_INFORMATION SHOWN_
▼▼▼

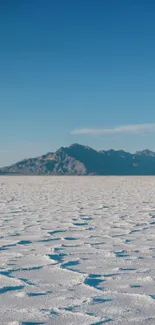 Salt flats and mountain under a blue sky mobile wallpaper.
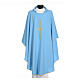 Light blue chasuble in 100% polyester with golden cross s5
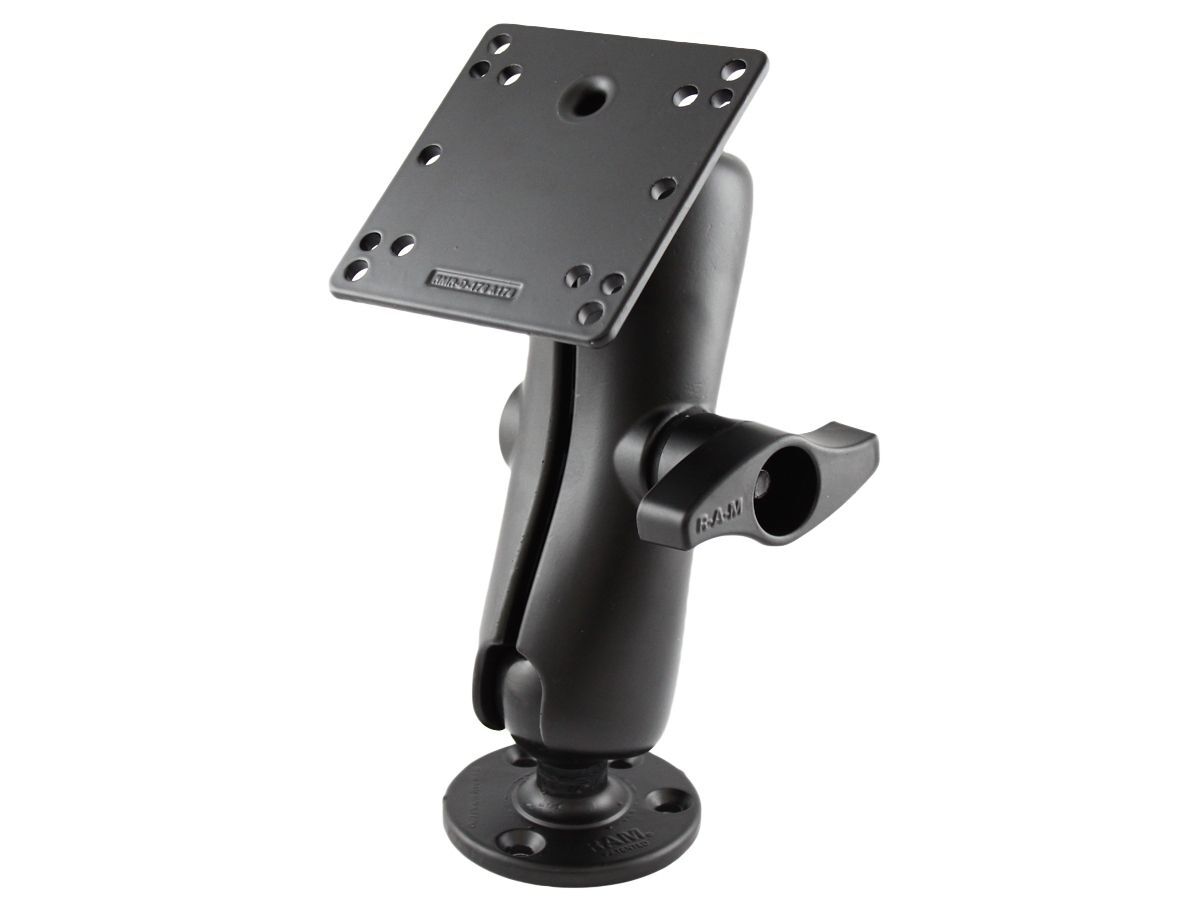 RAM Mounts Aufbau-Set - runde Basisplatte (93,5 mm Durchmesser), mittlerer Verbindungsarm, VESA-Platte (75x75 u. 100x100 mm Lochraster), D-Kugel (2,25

▲▲▲

_YOUR GOAL_
The whole listing is to be duplicated verbatim, apart from its images.

_TASK RESPONSE_
 Salt flats and mountain under a blue sky mobile wallpaper.
 Light blue chasuble in 100% polyester with golden cross s5
 RAM Mounts Aufbau-Set - runde Basisplatte (93,5 mm Durchmesser), mittlerer Verbindungsarm, VESA-Platte (75x75 u. 100x100 mm Lochraster), D-Kugel (2,25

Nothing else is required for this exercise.